I also have my own web site that anyone is welcome to view and post messages.  It’s called “A Different Kind of Mountain” and the link is http://www.voy.com/174856/.

Sometimes I just have to remind myself what I have been through.....

SURGERIES:

7/20/99 – Left breast lumpectomy and left axillary lymph node excision – qty 3
8/19/99 – 1st Port-a-cath insertion
2/17/00 – Left breast mastectomy
11/2/00 – Right breast – remove 2 benign lumps
1/5/01 – Port-a-cath removal
01/2003 – Right breast – remove 1 benign lump
8/8/03 – Bronchoscopy and Mediastenoscopy
9/3/03 – 2nd Port-a-cath insertion

CHEMOTHERAPY / RADIATION HISTORY:

7/30/99 – 10/1/99 Cytoxan and Adriamycin
10/22/99 – 12/23/99 Taxol
3/30/00 – 5/17/00 Radiation treatments
9/4/03 – 12/5/03 Taxotere
12/26/03 – 11/24/04 Gemcitabine
12/6/04 –12/6/04 Xeloda 3000mg
12/27/04 Xeloda 3500mg
1/20/05 – 6/?/05 Xeloda 4000mg
6/7/05 – 6/29/05 Radiation to brain = 18 full brain tx’s
8/12/05 – 12/30/05 Navelbine
1/12/06 – 6/08/06 Abraxane & Avastin
6/26/06 – current Carboplatin & Etoposide

METZ – To both lungs, right hip, brain, paratracheal lymph’s including in the aortic arch, axillary lymph’s, and left adrenal gland lymph.

ADDITIONAL PROBLEMS:

Superficial blood clot in right leg in 2003 completely blocked from groin to ankle.
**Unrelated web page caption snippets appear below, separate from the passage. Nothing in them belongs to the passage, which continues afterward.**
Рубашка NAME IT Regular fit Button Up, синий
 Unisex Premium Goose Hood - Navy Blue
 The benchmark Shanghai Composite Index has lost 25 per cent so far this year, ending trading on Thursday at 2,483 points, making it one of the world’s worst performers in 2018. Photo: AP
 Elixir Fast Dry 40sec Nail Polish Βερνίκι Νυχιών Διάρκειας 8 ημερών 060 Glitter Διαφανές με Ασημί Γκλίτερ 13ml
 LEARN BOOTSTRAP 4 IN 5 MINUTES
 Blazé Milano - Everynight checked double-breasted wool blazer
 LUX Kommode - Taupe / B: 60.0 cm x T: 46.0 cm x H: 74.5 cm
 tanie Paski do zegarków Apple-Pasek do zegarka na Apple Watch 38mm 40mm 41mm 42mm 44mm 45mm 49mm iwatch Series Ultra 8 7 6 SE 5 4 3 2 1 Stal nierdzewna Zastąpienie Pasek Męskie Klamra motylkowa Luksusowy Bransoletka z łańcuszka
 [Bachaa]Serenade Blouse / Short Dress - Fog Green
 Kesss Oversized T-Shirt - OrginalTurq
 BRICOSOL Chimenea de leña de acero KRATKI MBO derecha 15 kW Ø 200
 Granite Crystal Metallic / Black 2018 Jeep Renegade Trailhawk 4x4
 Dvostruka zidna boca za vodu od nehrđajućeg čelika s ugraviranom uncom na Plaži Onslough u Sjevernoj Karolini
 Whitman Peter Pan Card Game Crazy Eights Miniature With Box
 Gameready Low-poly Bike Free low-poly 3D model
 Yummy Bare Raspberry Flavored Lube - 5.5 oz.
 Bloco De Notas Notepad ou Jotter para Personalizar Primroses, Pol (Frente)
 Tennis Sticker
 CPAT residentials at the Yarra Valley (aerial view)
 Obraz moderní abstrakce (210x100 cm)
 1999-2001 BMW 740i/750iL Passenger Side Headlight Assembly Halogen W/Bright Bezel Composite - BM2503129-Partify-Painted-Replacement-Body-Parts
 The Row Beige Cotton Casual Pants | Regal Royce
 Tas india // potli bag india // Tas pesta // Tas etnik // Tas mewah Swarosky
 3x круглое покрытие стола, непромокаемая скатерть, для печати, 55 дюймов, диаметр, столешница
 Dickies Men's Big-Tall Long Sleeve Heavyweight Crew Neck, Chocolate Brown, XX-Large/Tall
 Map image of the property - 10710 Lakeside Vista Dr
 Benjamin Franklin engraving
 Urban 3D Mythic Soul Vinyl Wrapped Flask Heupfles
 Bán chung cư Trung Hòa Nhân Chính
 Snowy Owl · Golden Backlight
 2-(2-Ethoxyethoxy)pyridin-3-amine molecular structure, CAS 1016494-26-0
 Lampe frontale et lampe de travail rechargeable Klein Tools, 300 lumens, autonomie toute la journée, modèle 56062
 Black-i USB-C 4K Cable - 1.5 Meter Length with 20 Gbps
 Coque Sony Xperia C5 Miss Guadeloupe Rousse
Blood clot in Superior Vena Cava 2005. Will always have.

Fluid in the lungs and around the hear 2006.

Seizure on June 5, 2005. Included an ambulance ride and an overnight stay in the hospital.

Steven's Johnson Syndrome in July 2005. Included a 14 stay in the hospital.
 
2005 – 5 masses in my brain  (after radiation 4 gone, 5th shrunk 50% and inactive)
2006 – 3 additional masses in brain (during Etoposide, all three shrinking)

I definitely believe I have many Angels around me 24/7 and prayers are being heard. Please keep praying!